*Provided information*:
────────────────────────────────────────

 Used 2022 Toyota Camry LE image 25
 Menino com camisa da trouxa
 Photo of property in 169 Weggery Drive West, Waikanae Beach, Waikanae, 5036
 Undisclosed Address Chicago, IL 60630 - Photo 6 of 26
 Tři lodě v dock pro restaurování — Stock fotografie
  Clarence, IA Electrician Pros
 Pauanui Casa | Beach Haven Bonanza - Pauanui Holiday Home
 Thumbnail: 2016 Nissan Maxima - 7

────────────────────────────────────────

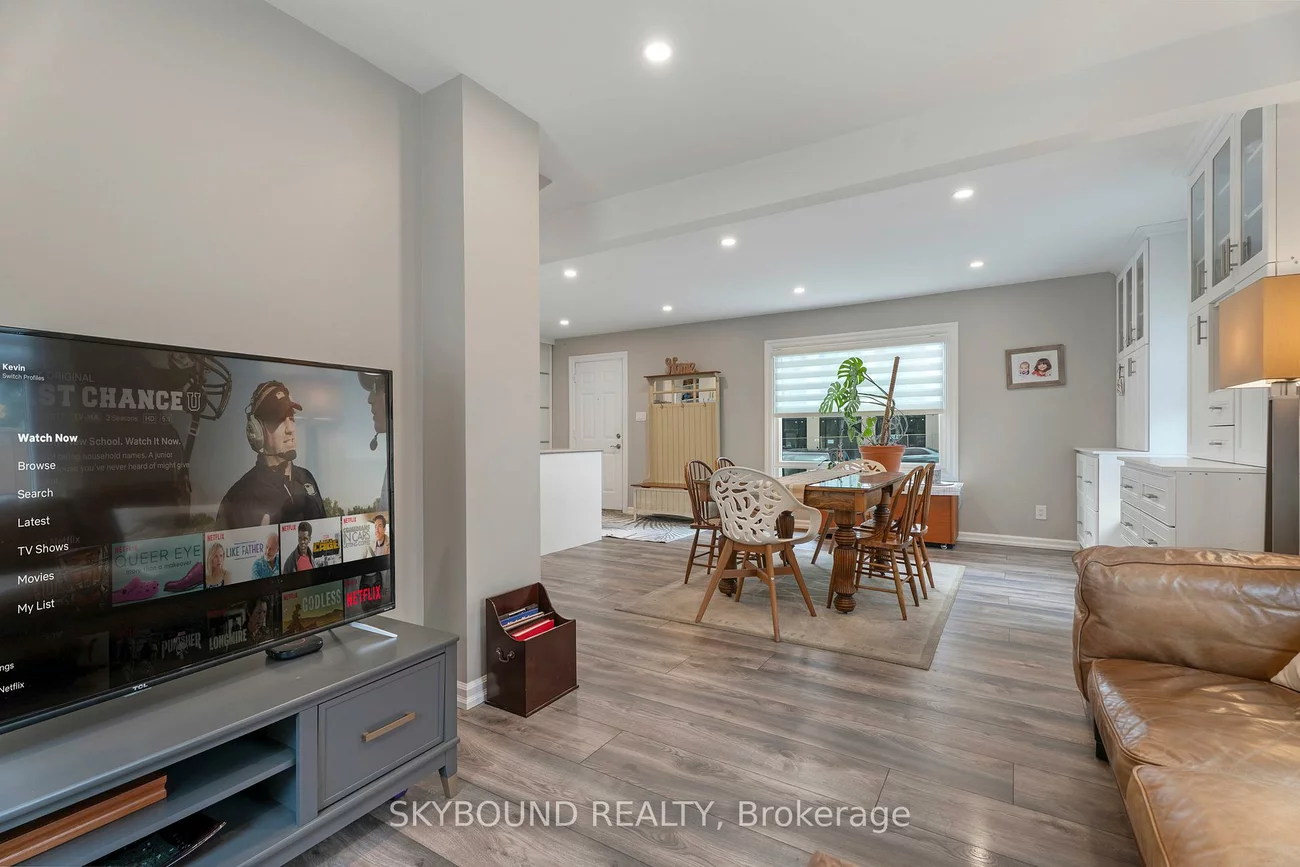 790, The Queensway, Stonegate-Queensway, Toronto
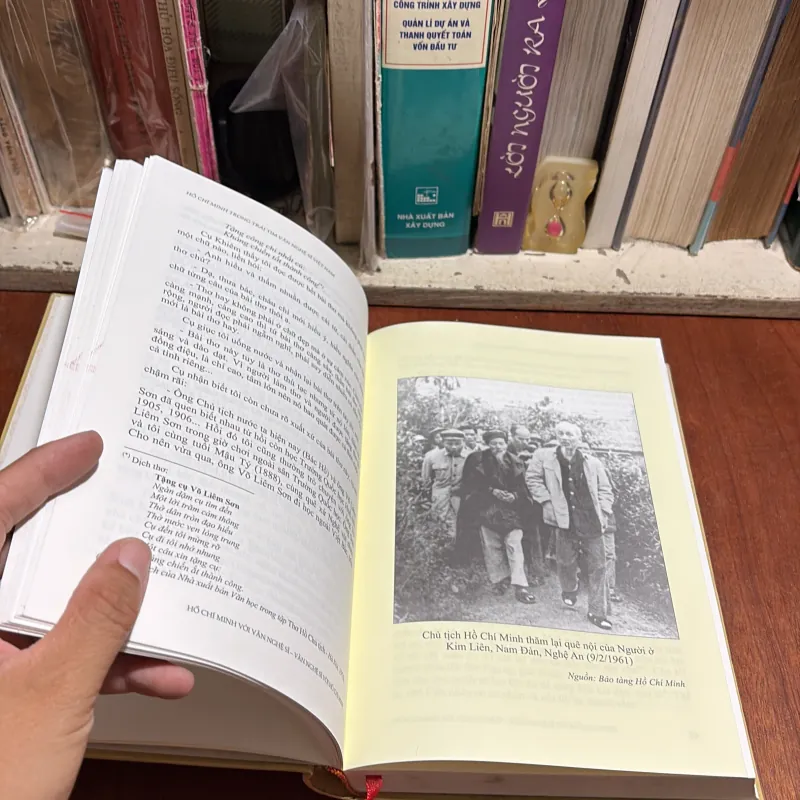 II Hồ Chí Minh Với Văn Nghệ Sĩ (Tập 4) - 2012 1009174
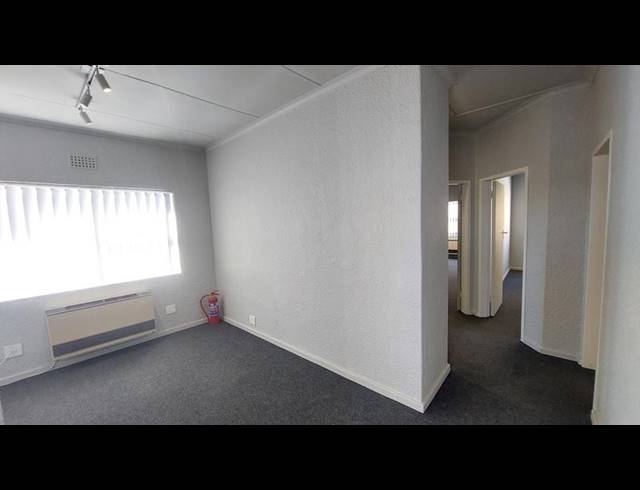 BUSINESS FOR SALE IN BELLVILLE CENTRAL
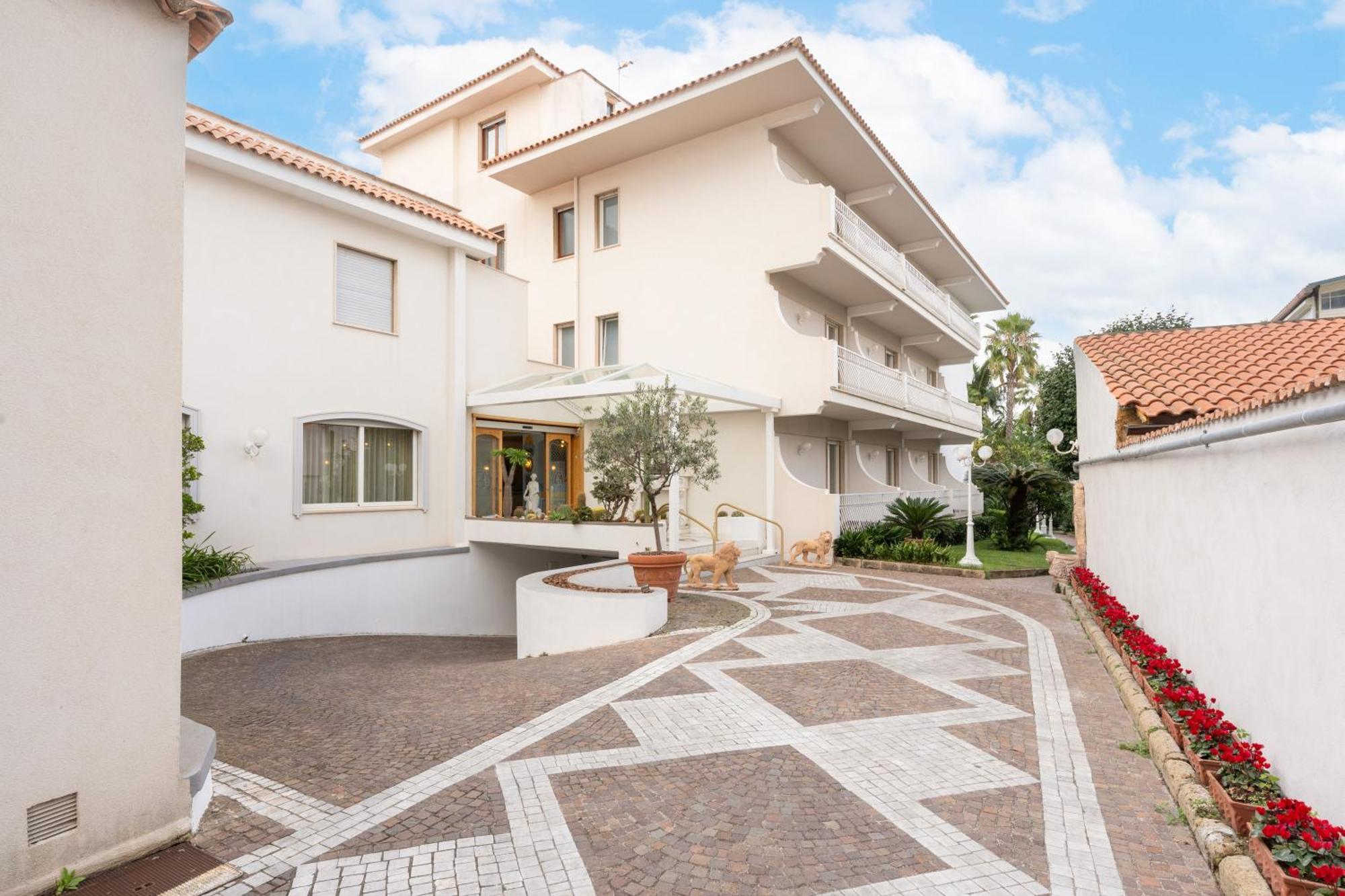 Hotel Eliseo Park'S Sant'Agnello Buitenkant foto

────────────────────────────────────────

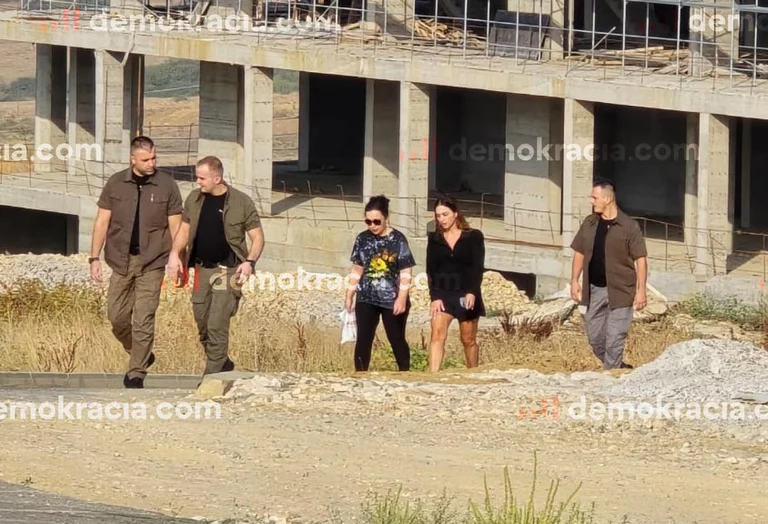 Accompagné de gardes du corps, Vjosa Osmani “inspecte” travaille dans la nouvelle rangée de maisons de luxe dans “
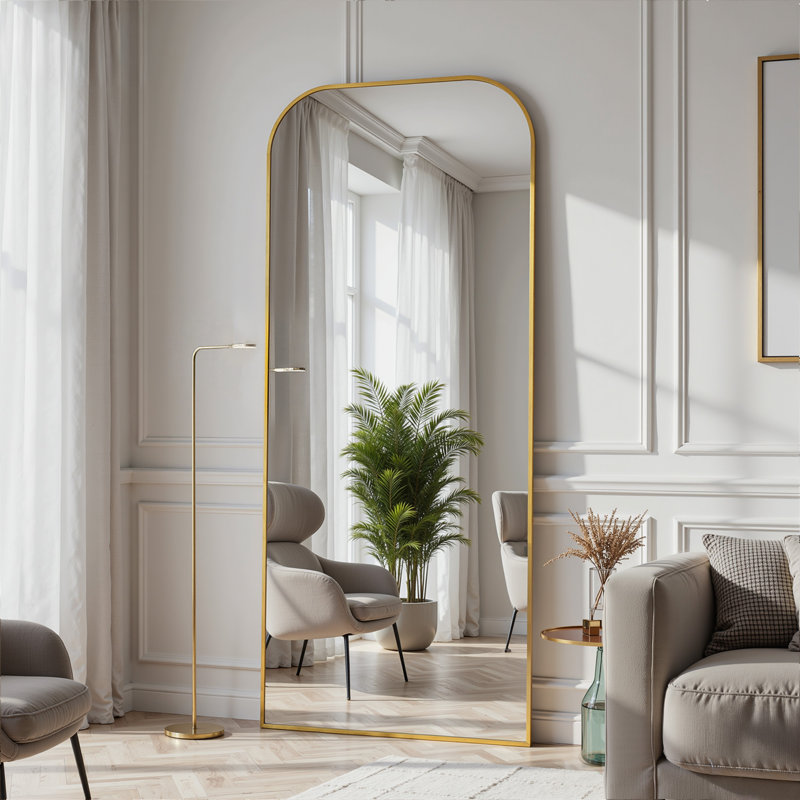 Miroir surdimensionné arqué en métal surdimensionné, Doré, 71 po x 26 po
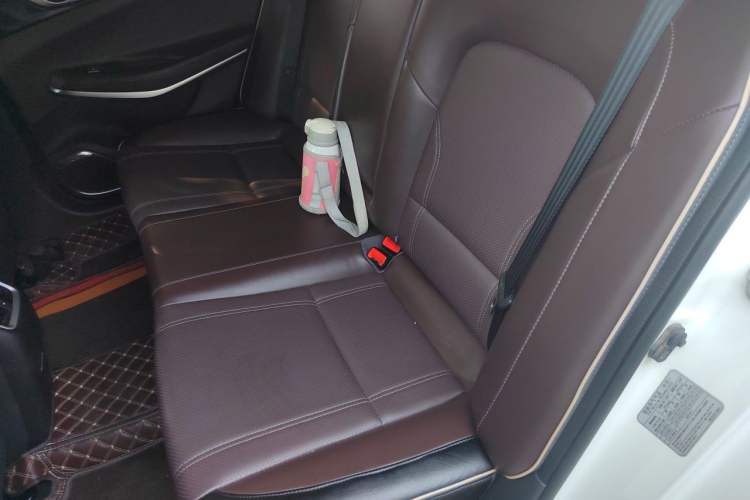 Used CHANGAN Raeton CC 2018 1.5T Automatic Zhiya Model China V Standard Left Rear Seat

────────────────────────────────────────

*Work instructions*: The required answer is the exact run of lines above starting at the line with "Used 2022 Toyota Camry LE image 25" and ending at the line with "Clarence, IA Electrician Pros", with both ends present.

*Answer section*:
 Used 2022 Toyota Camry LE image 25
 Menino com camisa da trouxa
 Photo of property in 169 Weggery Drive West, Waikanae Beach, Waikanae, 5036
 Undisclosed Address Chicago, IL 60630 - Photo 6 of 26
 Tři lodě v dock pro restaurování — Stock fotografie
  Clarence, IA Electrician Pros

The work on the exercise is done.